**WHAT YOU NEED TO DO:** Beginning with the line where "Аккумулятор GUKEEDIANZI для" appears, repeat every remaining line of the entries exactly, the last line included.
DATASET RECORDS Block Start
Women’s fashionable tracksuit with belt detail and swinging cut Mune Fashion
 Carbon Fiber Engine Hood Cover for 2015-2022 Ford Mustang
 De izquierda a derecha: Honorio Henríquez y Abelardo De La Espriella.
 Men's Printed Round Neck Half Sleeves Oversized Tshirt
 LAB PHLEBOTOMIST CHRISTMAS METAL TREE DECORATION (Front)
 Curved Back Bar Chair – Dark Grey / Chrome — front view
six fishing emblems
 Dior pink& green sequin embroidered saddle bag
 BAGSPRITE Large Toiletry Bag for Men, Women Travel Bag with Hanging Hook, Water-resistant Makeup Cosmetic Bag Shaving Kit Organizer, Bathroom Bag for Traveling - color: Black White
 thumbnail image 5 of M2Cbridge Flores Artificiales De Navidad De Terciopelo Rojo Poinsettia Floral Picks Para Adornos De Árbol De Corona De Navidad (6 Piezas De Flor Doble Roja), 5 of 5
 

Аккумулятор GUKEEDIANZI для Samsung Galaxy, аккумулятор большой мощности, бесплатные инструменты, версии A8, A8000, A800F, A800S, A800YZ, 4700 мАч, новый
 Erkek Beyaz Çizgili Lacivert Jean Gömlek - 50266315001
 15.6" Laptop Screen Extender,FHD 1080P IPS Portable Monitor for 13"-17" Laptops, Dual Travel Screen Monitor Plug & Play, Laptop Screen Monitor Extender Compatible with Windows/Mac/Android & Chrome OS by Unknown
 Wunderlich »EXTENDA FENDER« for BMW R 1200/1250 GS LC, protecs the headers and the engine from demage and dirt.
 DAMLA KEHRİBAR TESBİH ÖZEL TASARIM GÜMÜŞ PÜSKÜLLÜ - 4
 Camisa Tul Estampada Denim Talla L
DATASET RECORDS Block End
**EXERCISE SOLUTION:**
Аккумулятор GUKEEDIANZI для Samsung Galaxy, аккумулятор большой мощности, бесплатные инструменты, версии A8, A8000, A800F, A800S, A800YZ, 4700 мАч, новый
 Erkek Beyaz Çizgili Lacivert Jean Gömlek - 50266315001
 15.6" Laptop Screen Extender,FHD 1080P IPS Portable Monitor for 13"-17" Laptops, Dual Travel Screen Monitor Plug & Play, Laptop Screen Monitor Extender Compatible with Windows/Mac/Android & Chrome OS by Unknown
 Wunderlich »EXTENDA FENDER« for BMW R 1200/1250 GS LC, protecs the headers and the engine from demage and dirt.
 DAMLA KEHRİBAR TESBİH ÖZEL TASARIM GÜMÜŞ PÜSKÜLLÜ - 4
 Camisa Tul Estampada Denim Talla L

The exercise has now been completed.